**RAW DATA**

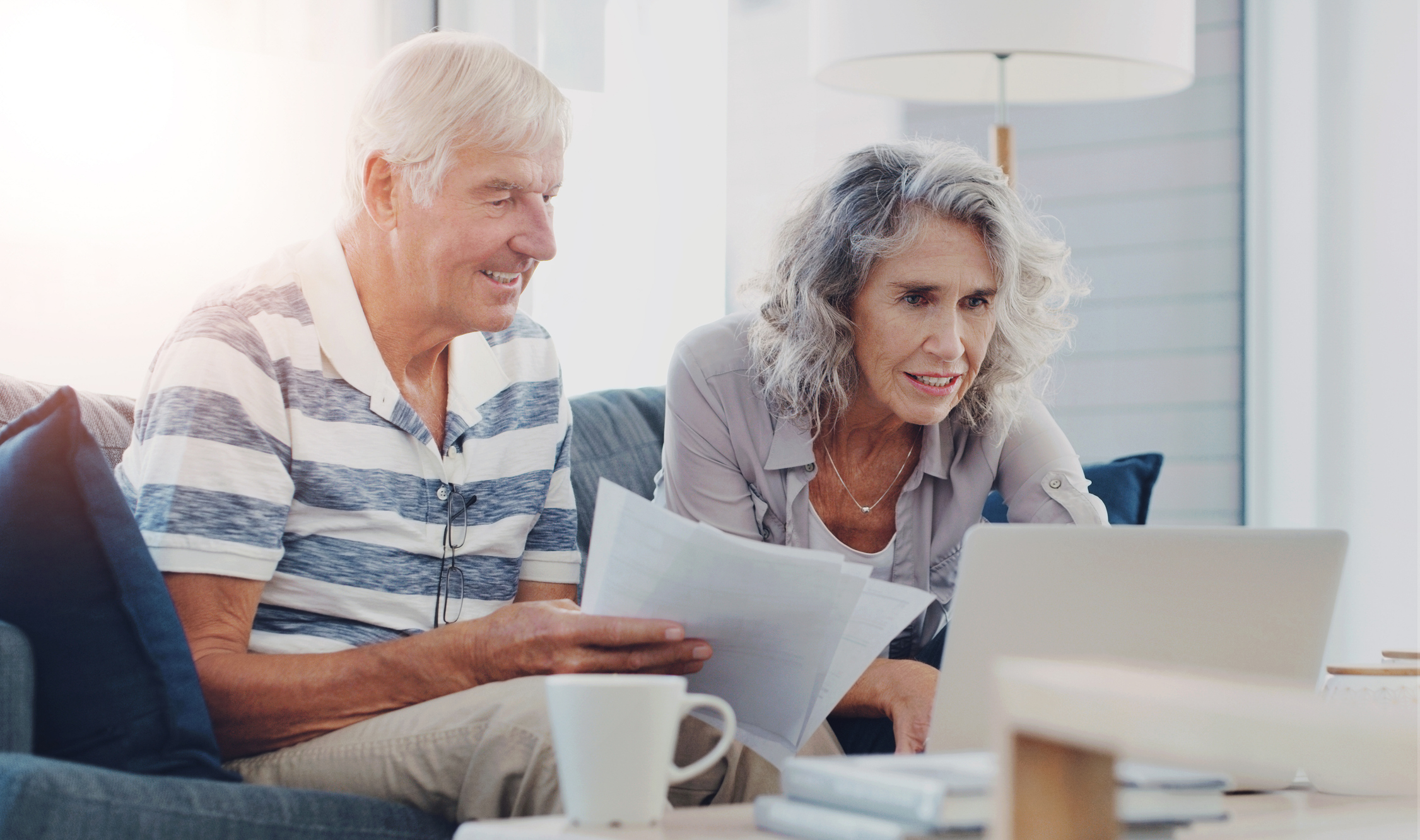 A senior couple exploring senior living costs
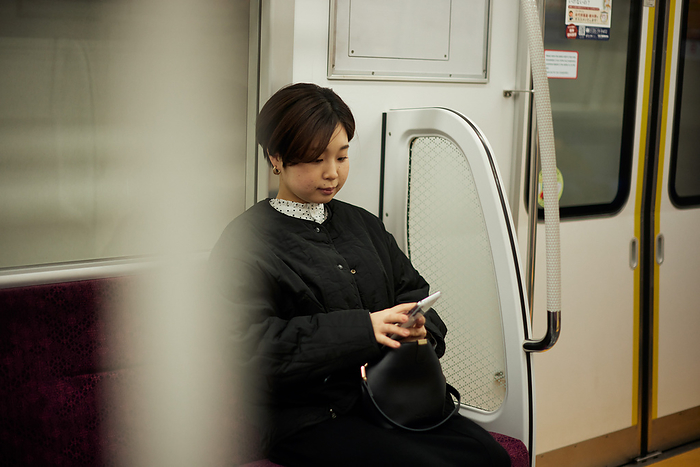 Young Japanese woman riding the subway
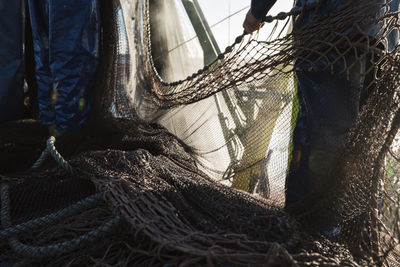 Low section of fishermen standing by fishing net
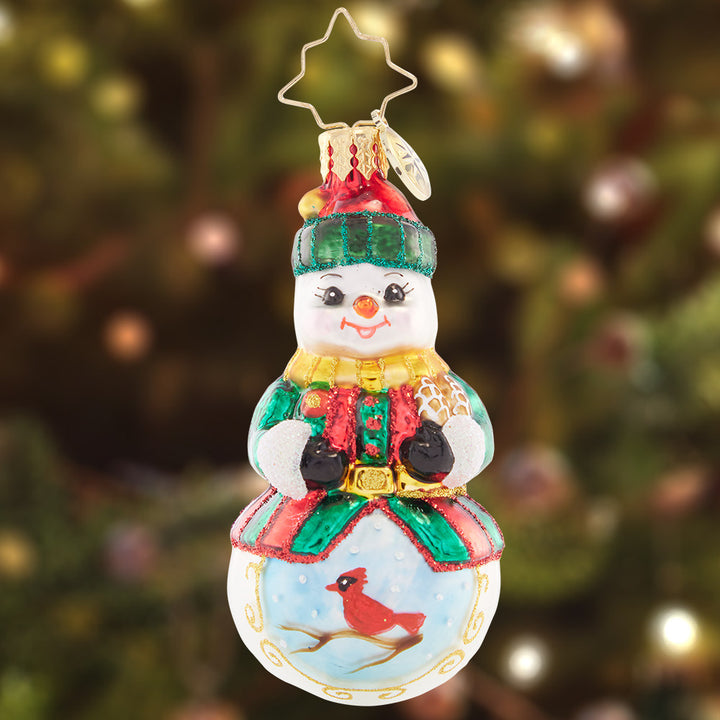 Ornament Description - Guardian of the Forest Gem: A vignette of a crimson-red cardinal decorates this friendly snowman. He cares for all the woodland creatures, especially those that stay throughout the season.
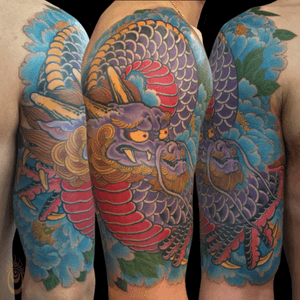Dragon tattoo with peonies #Dragon #Japanese #JapanesTattoo #Peony #tattoooftheday 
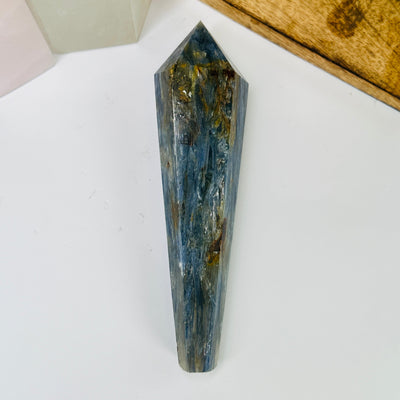 kyanite point with decorations in the background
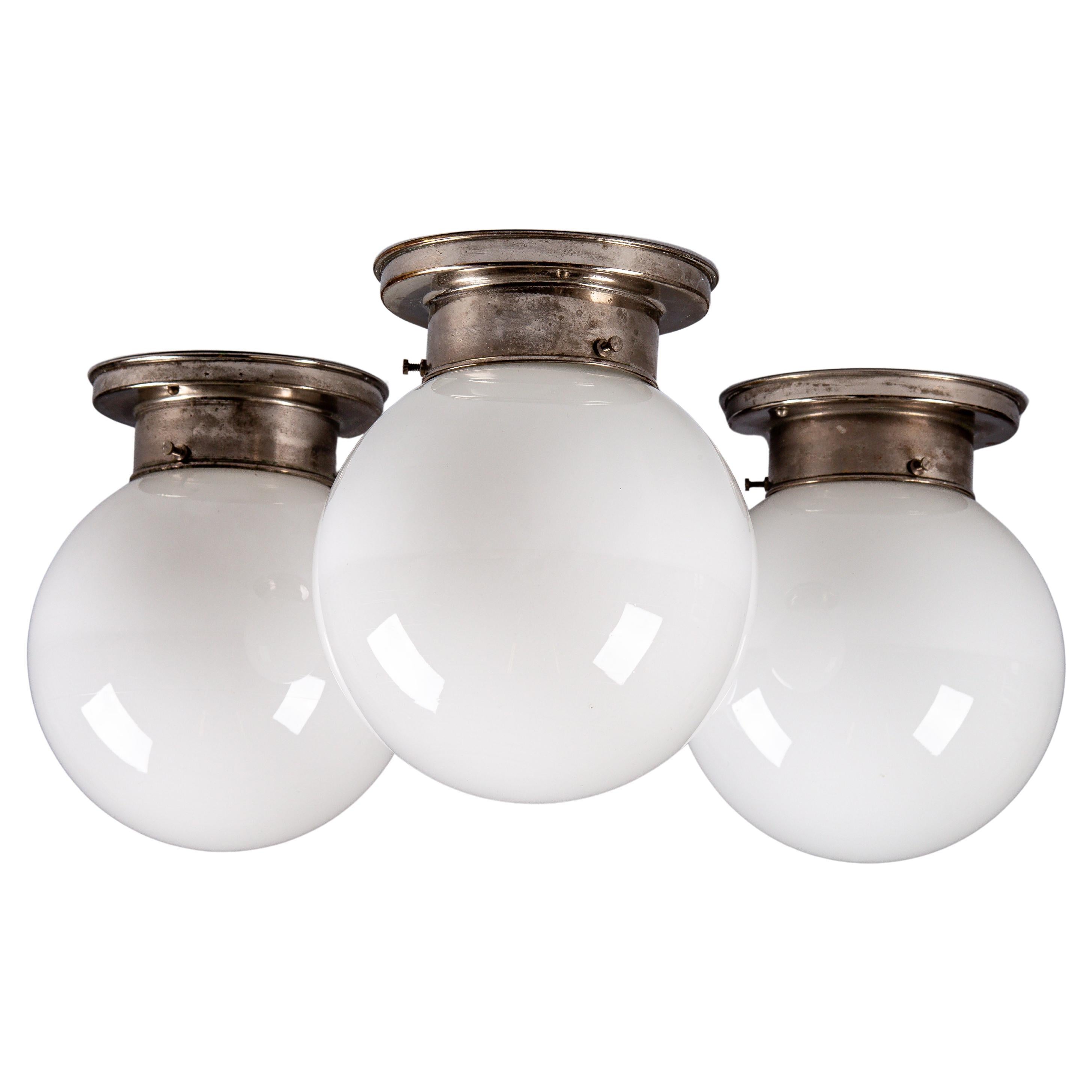 Paavo Tynell, set of 1930's opaline glass flush mount lamps for Idman Oy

**ABOUT THIS TASK**
Reproduce exactly the line containing "Dragon tattoo with" and every line after it in the material above, up to and including the last. Exclude all pictures.

**THE COMPLETED TASK**
Dragon tattoo with peonies #Dragon #Japanese #JapanesTattoo #Peony #tattoooftheday 
 kyanite point with decorations in the background
 Paavo Tynell, set of 1930's opaline glass flush mount lamps for Idman Oy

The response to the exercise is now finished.